Al contrario, di fatto, una differenziazione territoriale degli stipendi nella pubblica amministrazione non solo attesterebbe il fallimento delle politiche regionali, tra l’altro la gran mole di risorse destinate al Sud hanno ingrassato l’economia del Nord, cui ancora contribuisce la migrazione intellettuale dalle regioni meridionali, ma, implicitamente, certificherebbe la resa dello Stato a perseguire l’obiettivo di superare quei nefasti divari economici e sociali che ancora impediscono quella vera unità che ha animato il nostro Risorgimento. Tra l’altro, un eventuale provvedimento normativo di differenziazione geografica delle retribuzioni non reggerebbe al vaglio del giudice costituzionale, poiché la retribuzione altro non è che il corrispettivo della prestazione fornita dal lavoratore che ha diritto ad un compenso proporzionato alla quantità e qualità del suo lavoro (art. 36 Cost.), e non si vede come l’insegnamento prestato da un docente in una regione del Nord possa essere diverso da quello prestato in una regione del Sud.
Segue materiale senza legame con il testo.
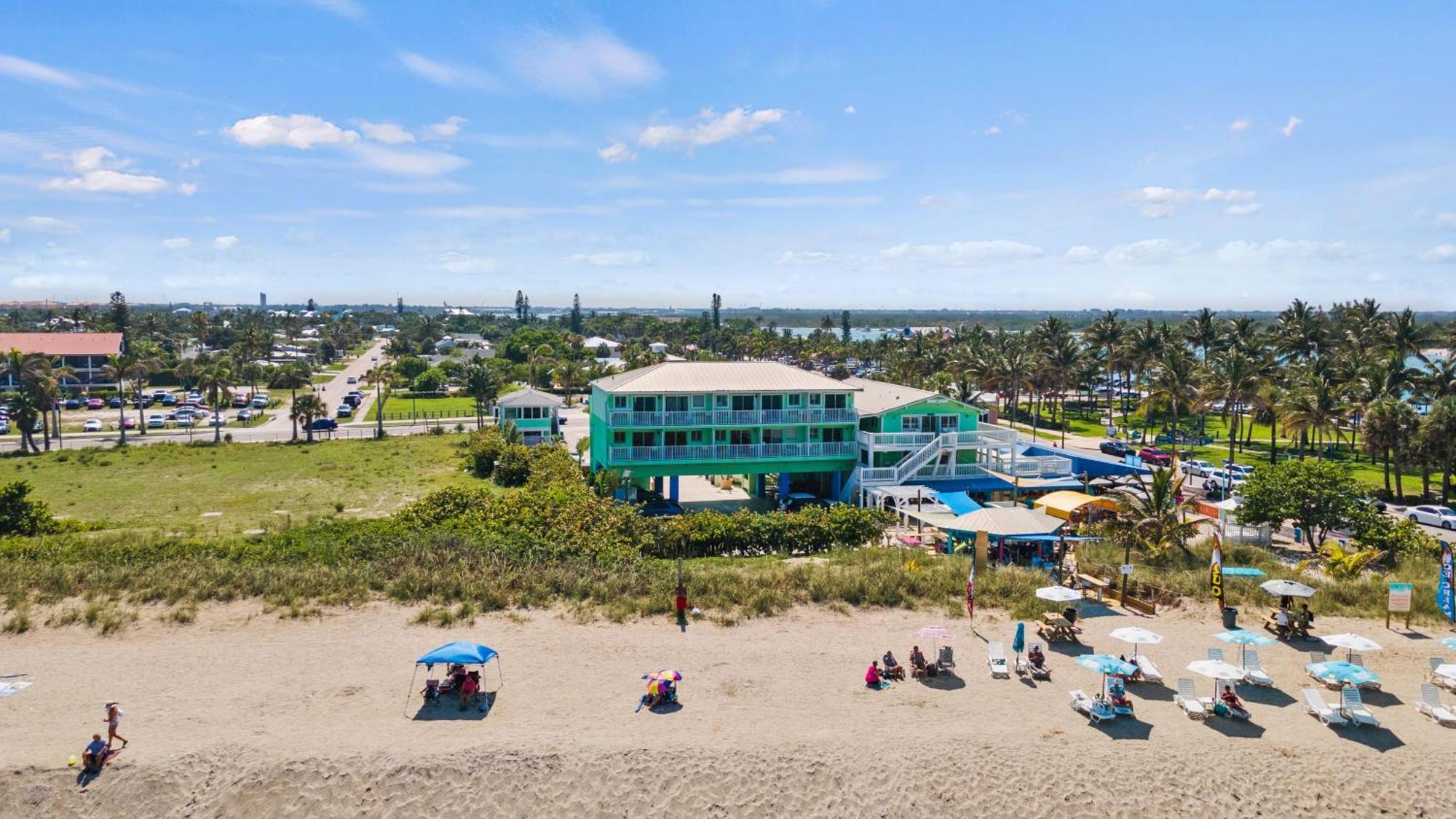 Fort Pierce Oceanfront Inn- Suite- King Bed #6 Zewnętrze zdjęcie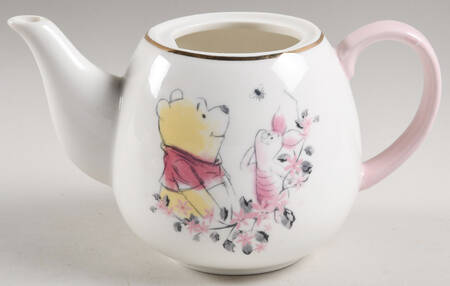Winnie the Pooh Cherry Blossoms Teapot No Lid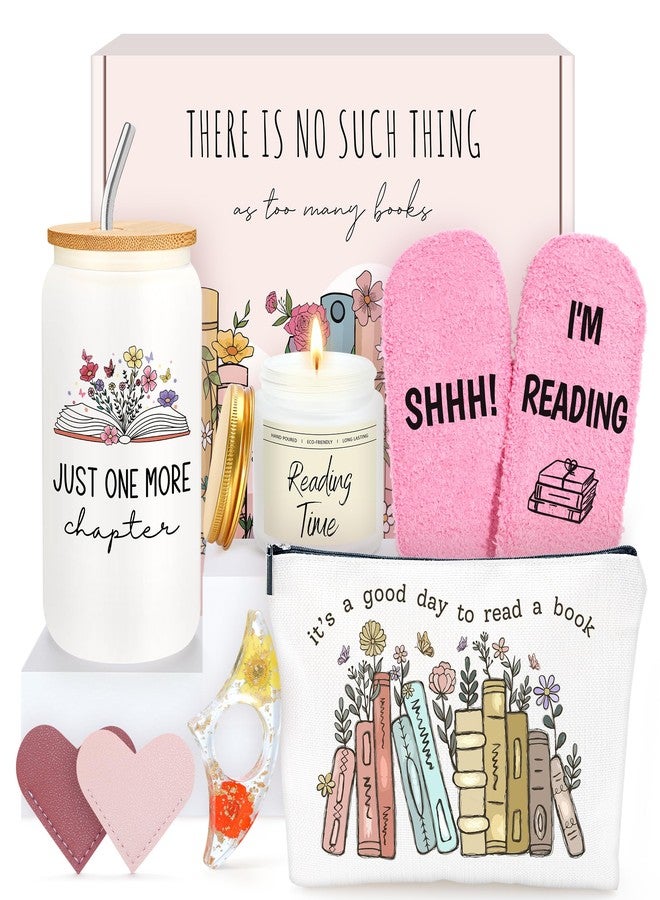 HELORAY Book Lover Gifts for Women Bookish Gifts for Readers Book Accessories for Reading Lovers Bookish Items Themed Presents Librarian Gift for Readers Cool Bookworm Gift for Reading Lovers - Image 1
Di certo, se gli stipendi dei docenti italiani fossero in linea con quelli europei, probabilmente non risentirebbero delle differenze territoriali del costo della vita; così, se effettivamente, e non abbiamo ragione di dubitarne, si volessero alleviare i costi della vita per i docenti che lavorano in regioni settentrionali, altre debbano essere le strategie.

Nella nota inviata nei giorni scorsi al ministro Valditara abbiamo rappresentato quali potrebbero essere le misure necessarie per contrastare i costi di trasporto che sostengono i docenti trasferiti d’ufficio o che insegnano su più sedi poste in comuni diversi.

Riguardo, invece, alla proposta di stipendi differenziati geograficamente esprimiamo la nostra netta contrarietà e riteniamo che sia sufficiente considerare, nello stesso ambito del pubblico impiego, le misure adottate da altre amministrazioni. A titolo semplificativo, a stipendio invariato, infatti tante altre potrebbero essere le misure adottabili a favore dei docenti per contrastare il caro vita, da ancorare al discostamento dagli indici Istat nazionali, quali la spesa familiare media o quella alimentare, che potrebbero riguardare i fitti e i trasporti (con contributi economici e detrazioni fiscali) e la spesa alimentare (con buoni pasto).

Misure che certo aiuterebbero sostanzialmente i docenti che devono fronteggiare costi della vita più alti, senza tuttavia contrastare con i valori e con i diritti che per la loro natura non possono essere a geografia variabile.